(d 1286). ?French poet and priest. He was a canon and priest of the collegiate church of St Pierre in Lille, near Arras. About 1280, he wrote a metrical and rhymed paraphrase of the famous poem, Anticlaudianus, by the 12th-century theologian, philosopher and poet Alain de Lille. Its plot concerns Nature’s formation of a perfect man to be imbued with the Arts and Virtues, and an ascent to heaven, on which journey the music of the spheres is heard, to request a soul from God. Adam named his new work Ludus super Anticlaudianum. It survives today in one manuscript (F-Lm 316), thought to be partly autograph. Adam’s work retains the plot, the moral and the didactic character of the original, but the forbidding allegory and encyclopedic tone is modified in favour of a simpler style and language so that the work, although in Latin, is almost like a roman. Emphasizing a more entertaining but still serious purpose, Adam inserted within the work 38 musical pieces with sacred or semi-sacred texts; 36 are monophonic songs and the remaining two are polyphonic compositions. 20 of these are contrafacta modelled on earlier compositions whose titles are in most cases mentioned in the rubrics. They consist of hymns, sequences, a responsory, an alleluia, a processional antiphon, trouvère songs, dances (a lai-notula and a rondeau), a pastourelle and a polyphonic motet. Of the other 18 pieces, one is a two-part Agnus Dei in conductus style. Altogether, the pieces in the Ludus form a kind of anthology in which almost every contemporary sacred and secular style is represented.

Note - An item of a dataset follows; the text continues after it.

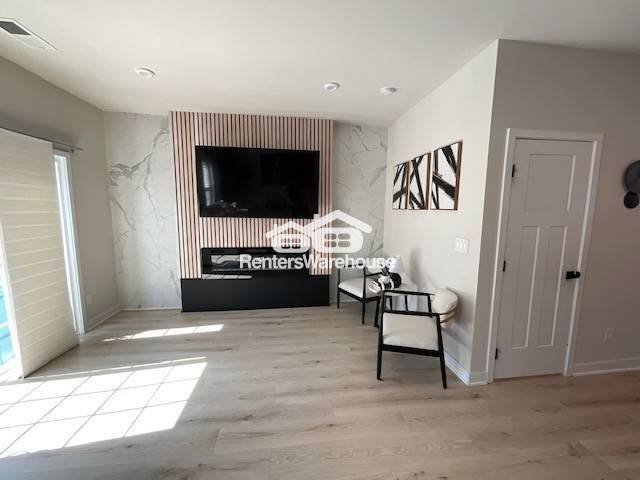 Building Photo - 2195 Autumn Cyprus Ave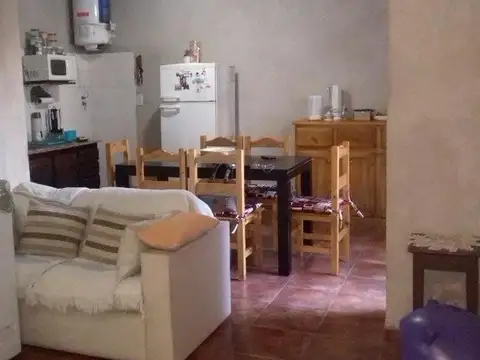 CASA A UNA CUADRA DE AVENIDA ROCA  Y DOS DE LA PLAZA DE HURLINGHAM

The insertions are not made arbitrarily but mostly fall into two large sections where the choice of form or style seems to emphasize the action of the poem. In the first section, whose poetry consists of supplications to and praises of the saints, Christ and the Virgin, Adam used contrafacta of secular songs, of hymns and of some unspecified items which have the character of antiphons. Here there is a resemblance to a canonical Office. Later, the newly-formed man, whose creation is the subject of the poem, is endowed with gifts by the Arts and Virtues and finally receives the soul brought from heaven to make him perfect. The series of offerings followed by the descent of the Spirit is symbolized in music by the choice of certain items from the Mass, namely the responsory (analogous to the gradual), alleluia, sequence and finally the motet, which is based on a plainchant for Pentecost. The musical insertions thus have an unusually clear and demonstrable symbolic meaning.
The sources of the contrafacta are either popular and widely distributed compositions of the century, such as songs by Thibaut IV of Navarre and Henri III of Brabant and ecclesiastical tunes such as the sequence Letabundus, or are of local importance, like the chants to St Peter and St Elizabeth. Two contrafacta should be singled out: the motet O quam sollempnis/Tenor Amor, based on Et quant iou remir son cors/Tenor Amor, is known in a large number of manuscripts including I-Fn 29.1 (F); the notula is one of the few examples of this form, which Johannes de Grocheio mentioned in De musica (c1300). The notation of the Ludus is that of contemporary plainchant or of the secular chansonniers.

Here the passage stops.